Depuis quand pratiques-tu la photographie et pourquoi la photographie animalière ?

Je pratique la photographie animalière depuis environ sept ans. C’est une passion résultante d’un concours de circonstances hasardeux et bienvenu à un moment où je me posais beaucoup de questions sur mon avenir. Alors pourquoi ? Je ne sais pas, peut-être que le regard animal me fascine plus que tout autre chose, c’est un appel à vivre.

Quelle est ton approche de cette photographie si singulière ?

Si je devais définir mon approche de la photographie, je dirais qu’elle est purement instinctive. J’aime errer discrètement dans les espaces sauvages, me poster où me cacher parfois, attendre, écouter, observer. Il y a tellement à apprendre, c’est peut-être même cela qui m’attire plus que tout autre chose. Observer le monde sauvage, parfois le photographier pour tenter de partager un petit instant de grâce. Je suis le premier à m’étonner ou à m’émouvoir de ce que j’ai la chance d’observer. Alors, pourquoi ne pas le partager ? La connaissance ouvre la porte au respect et à l’attention, je pense que c’est fondamental pour encourager la protection d’espèces et de milieux.

Te considères-tu comme un naturaliste ?

On me considère souvent comme un naturaliste, mais je ne sais pas vraiment quelles cases il faut cocher pour accéder à ce statut. Je ne cherche pas ce genre de reconnaissance même si l’appellation est très honorifique. Je partage simplement mes observations avec des spécialistes, parfois les informations ou photographies peuvent être très utiles, alors j’essaie d’apporter des réponses à mon échelle.
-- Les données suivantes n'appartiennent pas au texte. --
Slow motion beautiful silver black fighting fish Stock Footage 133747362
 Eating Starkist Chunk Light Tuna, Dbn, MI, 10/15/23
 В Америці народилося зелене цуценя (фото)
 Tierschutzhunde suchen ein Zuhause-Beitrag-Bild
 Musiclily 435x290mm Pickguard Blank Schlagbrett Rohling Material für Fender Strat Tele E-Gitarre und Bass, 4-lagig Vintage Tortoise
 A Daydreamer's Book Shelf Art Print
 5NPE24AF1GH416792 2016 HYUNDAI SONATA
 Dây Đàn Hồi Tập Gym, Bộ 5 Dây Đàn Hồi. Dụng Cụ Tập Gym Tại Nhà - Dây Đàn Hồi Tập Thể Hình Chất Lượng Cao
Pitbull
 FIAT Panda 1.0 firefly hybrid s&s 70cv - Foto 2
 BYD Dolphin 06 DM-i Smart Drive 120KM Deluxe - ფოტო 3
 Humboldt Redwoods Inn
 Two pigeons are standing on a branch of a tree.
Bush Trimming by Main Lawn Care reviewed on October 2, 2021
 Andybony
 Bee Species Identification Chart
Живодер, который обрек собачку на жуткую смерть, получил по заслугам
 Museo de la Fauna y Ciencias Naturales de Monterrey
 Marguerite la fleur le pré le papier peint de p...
Le respect du vivant, un fil conducteur dans ta manière d’arpenter et de photographier le territoire ?

Respecter le vivant c’est avoir conscience de la vie. La conscience doit nous permettre de nous mettre à la place de l’animal. Le photographe face à l’animal, ce n’est rien d’autre que deux animaux face à face dans le milieu naturel. C’est exactement ce que je suis dehors, un animal qui espère en observer un autre dans son milieu. J’ai un appareil photo, car j’aime admirer une fois rentré chez moi au chaud, l’animal croisé. Mais dehors je suis conscient que je ne suis pas chez moi. Je suis chez l’animal et l’animal tolère rarement l’Homme. Alors je me fais discret, petit, j’essaie de cacher cette forme, cette démarche humaine qui me trahit. Parfois l’animal me voit, parfois il m’accepte. Il faut savoir montrer son respect quand on en a. Malheureusement, la photographie est aussi un immense business en expansion, l’image peut desservir et même asservir l’animal. La frontière entre une image réalisée en 2 heures grâce à des méthodes invasives ou destructrices, et une autre qui a pris 10 années de suivi d’un grand passionné respectueux, n’est pas toujours perceptible. Dans l’immense quantité d’images que l’on peut parcourir en ligne, très peu sont à mon avis « saines » vis-à-vis des bêtes photographiées, et cela est très préoccupant. Réfléchissons bien avant d’aimer, commenter ou partager sans fondement une image, car cela peut avoir de lourdes répercussions et encourager des pratiques dangereuses.

Aujourd’hui, avec la forte fréquentation des milieux naturels, et plus particulièrement de la montagne, certaines espèces animales sont fragilisées. Quel message voudrais-tu transmettre ?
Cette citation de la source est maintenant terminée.